RAND Study Being Cited Following Apalachee High School Shooting, but It Shouldn't Be

Photo Courtesy of the National Shooting Sports Foundation

Anti-gunners love to claim that The Science (TM) is on their side. Their reasoning? The anti-gun studies that say gun control works. Now, anyone who understands how research is supposed to work knows there are serious problems with these studies.

RAND is one organization that favors gun control, but is at least honest enough to own up to the problems. That means when they suggest the studies say something works, it's not as easy to dismiss.

And sure enough, that's exactly what they're saying now following the Apalachee High School shooting in Winder, GA.

The deadliest school shooting in Georgia history occurred earlier this month when a 14-year-old gunman, armed with a military-style rifle, killed two students and two teachers and injured nine others at Apalachee High School in Winder, a city about an hour northeast of Atlanta.

And on Sunday, former President Donald Trump was the target of what the FBI described as an apparent assassination attempt at his golf club in West Palm Beach, Florida — just nine weeks after surviving another attempt on his life.

Gun policy has been a topic of debate in America for decades, and its prominence has increased as gun-related deaths and mass shootings have risen nearly every year since 2014, according to the Gun Violence Archive, a nonprofit that tracks gun violence in the United States.

Many Americans despair of ever taming the epidemic, but a new report says certain laws can make a difference.

The report, published in July by Rand, a nonprofit, nonpartisan research organization, found that minimum age requirements for purchasing firearms appear to reduce suicides among young people. Additionally, it indicated that laws aimed at reducing children’s access to stored guns may also lower rates of firearm suicides, unintentional shootings and firearm homicides among youth.

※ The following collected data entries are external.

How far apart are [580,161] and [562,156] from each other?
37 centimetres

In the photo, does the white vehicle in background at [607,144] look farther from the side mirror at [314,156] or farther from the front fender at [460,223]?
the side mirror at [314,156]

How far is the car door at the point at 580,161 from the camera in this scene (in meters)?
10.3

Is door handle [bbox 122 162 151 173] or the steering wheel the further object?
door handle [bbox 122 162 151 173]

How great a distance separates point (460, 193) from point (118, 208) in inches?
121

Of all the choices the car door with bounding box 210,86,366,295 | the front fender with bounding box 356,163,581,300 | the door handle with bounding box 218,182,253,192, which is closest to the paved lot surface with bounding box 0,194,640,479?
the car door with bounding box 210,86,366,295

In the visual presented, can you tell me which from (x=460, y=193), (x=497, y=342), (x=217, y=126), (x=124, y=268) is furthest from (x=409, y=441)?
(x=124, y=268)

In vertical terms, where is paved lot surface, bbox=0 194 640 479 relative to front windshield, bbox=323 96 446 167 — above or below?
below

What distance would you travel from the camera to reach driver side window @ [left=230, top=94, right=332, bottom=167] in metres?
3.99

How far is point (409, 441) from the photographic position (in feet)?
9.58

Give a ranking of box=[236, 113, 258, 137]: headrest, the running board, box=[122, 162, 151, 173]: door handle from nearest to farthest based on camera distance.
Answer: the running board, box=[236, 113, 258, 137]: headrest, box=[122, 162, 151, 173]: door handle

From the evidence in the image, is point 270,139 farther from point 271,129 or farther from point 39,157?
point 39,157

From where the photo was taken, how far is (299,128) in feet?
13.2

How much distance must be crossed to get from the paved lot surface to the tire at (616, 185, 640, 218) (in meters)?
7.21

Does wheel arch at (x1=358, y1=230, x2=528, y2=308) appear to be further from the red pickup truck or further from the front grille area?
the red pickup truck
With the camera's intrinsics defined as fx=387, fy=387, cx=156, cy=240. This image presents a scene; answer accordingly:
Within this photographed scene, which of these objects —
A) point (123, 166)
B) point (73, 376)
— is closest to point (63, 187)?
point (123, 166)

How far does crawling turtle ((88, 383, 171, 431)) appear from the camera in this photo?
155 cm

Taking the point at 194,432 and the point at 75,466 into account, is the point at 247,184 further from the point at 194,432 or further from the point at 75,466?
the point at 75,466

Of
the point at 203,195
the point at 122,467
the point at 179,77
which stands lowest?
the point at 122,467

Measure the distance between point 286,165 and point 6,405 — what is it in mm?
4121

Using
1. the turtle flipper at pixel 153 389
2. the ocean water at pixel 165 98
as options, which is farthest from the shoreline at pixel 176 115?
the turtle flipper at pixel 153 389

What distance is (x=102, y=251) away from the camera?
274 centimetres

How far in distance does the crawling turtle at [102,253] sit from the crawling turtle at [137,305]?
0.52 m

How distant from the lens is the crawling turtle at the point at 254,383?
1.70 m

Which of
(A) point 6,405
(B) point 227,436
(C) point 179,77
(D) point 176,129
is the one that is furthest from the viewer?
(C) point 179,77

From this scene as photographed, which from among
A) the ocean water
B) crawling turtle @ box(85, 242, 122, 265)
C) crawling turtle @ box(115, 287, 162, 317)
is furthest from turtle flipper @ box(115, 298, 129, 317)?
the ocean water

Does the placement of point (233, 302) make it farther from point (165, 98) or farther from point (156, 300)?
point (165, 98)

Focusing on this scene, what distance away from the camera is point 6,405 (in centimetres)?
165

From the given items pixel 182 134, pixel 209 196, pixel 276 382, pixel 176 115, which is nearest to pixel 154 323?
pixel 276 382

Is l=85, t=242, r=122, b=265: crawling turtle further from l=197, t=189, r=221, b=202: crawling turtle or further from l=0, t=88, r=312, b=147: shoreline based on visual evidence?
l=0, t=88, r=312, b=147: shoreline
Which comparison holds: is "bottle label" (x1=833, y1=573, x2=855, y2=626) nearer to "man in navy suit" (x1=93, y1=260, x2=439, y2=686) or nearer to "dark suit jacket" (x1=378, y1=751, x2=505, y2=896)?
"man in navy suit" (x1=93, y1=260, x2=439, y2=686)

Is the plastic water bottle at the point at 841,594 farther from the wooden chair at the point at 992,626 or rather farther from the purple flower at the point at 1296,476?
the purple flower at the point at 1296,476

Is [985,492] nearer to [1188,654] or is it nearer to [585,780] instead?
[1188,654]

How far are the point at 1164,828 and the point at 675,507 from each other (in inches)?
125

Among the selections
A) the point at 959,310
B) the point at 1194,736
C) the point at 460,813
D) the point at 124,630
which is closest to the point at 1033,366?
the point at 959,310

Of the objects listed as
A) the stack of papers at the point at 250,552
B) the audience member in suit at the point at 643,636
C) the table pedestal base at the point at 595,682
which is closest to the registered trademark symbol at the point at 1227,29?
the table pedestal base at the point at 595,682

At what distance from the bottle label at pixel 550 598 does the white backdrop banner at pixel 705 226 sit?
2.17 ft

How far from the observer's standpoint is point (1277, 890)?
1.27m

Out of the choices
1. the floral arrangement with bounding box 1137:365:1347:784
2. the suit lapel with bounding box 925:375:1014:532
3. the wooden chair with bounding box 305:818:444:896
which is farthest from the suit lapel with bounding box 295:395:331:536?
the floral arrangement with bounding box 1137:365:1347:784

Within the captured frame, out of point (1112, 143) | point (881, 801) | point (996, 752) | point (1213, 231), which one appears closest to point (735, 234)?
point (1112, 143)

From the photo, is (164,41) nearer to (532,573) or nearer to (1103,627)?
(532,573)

This is the fourth time that Rand has released the report, “The Science of Gun Policy,” since 2018. Earlier editions examined the effectiveness of other gun regulations, such as background checks and concealed carry laws, and their impact on outcomes such as crime and suicide.

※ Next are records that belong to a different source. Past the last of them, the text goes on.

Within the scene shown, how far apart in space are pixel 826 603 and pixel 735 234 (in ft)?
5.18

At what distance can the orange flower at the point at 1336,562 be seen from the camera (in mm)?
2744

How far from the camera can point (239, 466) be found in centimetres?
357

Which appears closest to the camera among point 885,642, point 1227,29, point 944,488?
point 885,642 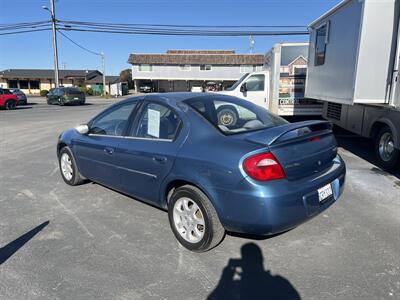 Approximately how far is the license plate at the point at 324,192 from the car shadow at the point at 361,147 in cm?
346

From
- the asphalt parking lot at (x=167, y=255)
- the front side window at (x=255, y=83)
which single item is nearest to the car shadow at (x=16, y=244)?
the asphalt parking lot at (x=167, y=255)

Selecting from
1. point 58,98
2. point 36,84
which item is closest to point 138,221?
point 58,98

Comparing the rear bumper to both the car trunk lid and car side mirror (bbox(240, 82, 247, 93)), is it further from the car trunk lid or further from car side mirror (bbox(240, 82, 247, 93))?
car side mirror (bbox(240, 82, 247, 93))

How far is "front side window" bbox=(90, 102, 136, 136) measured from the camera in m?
4.18

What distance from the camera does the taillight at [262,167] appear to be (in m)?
2.82

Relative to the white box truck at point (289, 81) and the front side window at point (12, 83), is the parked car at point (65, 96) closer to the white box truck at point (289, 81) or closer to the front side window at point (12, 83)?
the white box truck at point (289, 81)

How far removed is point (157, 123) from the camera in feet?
12.2

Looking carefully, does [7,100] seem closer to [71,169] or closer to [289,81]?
[289,81]

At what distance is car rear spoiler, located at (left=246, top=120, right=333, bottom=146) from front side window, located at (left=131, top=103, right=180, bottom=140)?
34.8 inches

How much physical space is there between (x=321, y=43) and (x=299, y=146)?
637 centimetres

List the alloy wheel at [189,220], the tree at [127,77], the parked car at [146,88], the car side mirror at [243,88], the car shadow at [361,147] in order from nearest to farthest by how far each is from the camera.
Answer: the alloy wheel at [189,220] → the car shadow at [361,147] → the car side mirror at [243,88] → the parked car at [146,88] → the tree at [127,77]

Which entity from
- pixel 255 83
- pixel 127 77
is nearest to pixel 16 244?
pixel 255 83

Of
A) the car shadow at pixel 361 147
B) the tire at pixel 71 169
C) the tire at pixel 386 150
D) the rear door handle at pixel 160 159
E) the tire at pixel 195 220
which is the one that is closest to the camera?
the tire at pixel 195 220

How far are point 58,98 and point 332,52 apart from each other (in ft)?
84.4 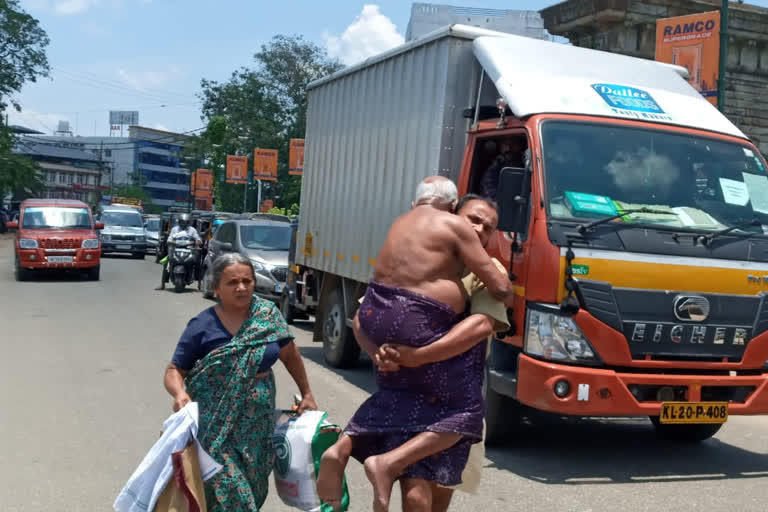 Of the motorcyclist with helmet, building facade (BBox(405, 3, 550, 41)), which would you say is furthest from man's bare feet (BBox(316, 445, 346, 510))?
building facade (BBox(405, 3, 550, 41))

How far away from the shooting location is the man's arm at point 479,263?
141 inches

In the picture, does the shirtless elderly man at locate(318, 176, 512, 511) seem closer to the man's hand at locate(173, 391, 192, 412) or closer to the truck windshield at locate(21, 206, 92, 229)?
the man's hand at locate(173, 391, 192, 412)

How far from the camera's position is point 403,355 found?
3555 millimetres

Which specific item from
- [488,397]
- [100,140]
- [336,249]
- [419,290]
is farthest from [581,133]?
[100,140]

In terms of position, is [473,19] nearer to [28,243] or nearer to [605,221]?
[28,243]

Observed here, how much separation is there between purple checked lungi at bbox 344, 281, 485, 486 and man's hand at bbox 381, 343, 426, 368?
25 mm

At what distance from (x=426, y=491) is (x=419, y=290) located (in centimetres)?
79

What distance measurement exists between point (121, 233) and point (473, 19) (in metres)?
16.2

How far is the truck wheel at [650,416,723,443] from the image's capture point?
286 inches

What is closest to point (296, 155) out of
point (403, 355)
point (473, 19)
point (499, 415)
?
point (473, 19)

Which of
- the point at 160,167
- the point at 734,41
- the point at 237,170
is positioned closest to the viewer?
the point at 734,41

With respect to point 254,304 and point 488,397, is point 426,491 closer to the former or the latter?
point 254,304

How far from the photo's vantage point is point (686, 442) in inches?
293

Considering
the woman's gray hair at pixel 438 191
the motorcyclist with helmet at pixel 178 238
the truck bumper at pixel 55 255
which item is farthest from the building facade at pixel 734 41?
the woman's gray hair at pixel 438 191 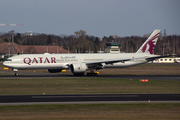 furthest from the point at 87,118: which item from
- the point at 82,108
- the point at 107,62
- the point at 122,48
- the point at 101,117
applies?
the point at 122,48

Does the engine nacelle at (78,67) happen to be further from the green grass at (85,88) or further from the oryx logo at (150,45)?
the oryx logo at (150,45)

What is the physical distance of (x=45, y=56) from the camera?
44.5 meters

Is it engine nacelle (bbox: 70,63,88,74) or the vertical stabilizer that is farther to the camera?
the vertical stabilizer

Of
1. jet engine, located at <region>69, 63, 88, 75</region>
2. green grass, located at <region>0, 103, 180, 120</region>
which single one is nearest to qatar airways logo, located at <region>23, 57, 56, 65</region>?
jet engine, located at <region>69, 63, 88, 75</region>

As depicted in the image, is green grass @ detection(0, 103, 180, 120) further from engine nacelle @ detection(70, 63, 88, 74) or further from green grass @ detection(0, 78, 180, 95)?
engine nacelle @ detection(70, 63, 88, 74)

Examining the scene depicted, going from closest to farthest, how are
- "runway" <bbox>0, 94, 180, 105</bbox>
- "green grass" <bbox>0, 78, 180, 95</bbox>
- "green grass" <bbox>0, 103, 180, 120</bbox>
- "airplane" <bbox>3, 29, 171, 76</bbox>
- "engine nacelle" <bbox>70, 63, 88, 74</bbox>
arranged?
"green grass" <bbox>0, 103, 180, 120</bbox> → "runway" <bbox>0, 94, 180, 105</bbox> → "green grass" <bbox>0, 78, 180, 95</bbox> → "engine nacelle" <bbox>70, 63, 88, 74</bbox> → "airplane" <bbox>3, 29, 171, 76</bbox>

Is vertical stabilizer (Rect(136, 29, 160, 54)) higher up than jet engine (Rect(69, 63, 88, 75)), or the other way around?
vertical stabilizer (Rect(136, 29, 160, 54))

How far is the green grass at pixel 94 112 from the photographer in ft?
47.5

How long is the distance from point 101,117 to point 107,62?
98.7 ft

The “Science of Gun Policy” report examines laws individually. But a separate Rand study published in July, this one in the peer-reviewed journal JAMA Network Open, explores the combined effects of multiple state-level gun laws, including background checks, minimum age requirements, waiting periods, child access restrictions, concealed carry and stand your ground laws.

Of course, this would be brought up, in part because RAND actually does seem to care about the validity of the research they cite. In fact, they don't find evidence of most gun control laws doing much of anything, despite being a left-leaning think tank.

However, that doesn't mean their own research is unassailable.

For example, on the subject of mandatory storage laws, they don't provide any comparisons with how these measures work when compared to things like tax credits for gun storage devices or educational campaigns.

What results turn up may well be an artifact of the news surrounding the measures passing, and any events that prompted the laws, and have little to do with the law itself. While we'd like to believe that most people know to properly store their firearms when not in use, common sense is rare enough these days to qualify as a superpower. A lot of folks just don't think about it.

Yet an educational campaign would do just as much to raise awareness as the debate about a law would, if not more, and it won't involve telling people what they must do with their guns.

That doesn't show up in RAND's research, and that's a big problem.

While they're right to be critical of other anti-gun measures and the supposed research that supports them, they kind of dropped the ball on this area.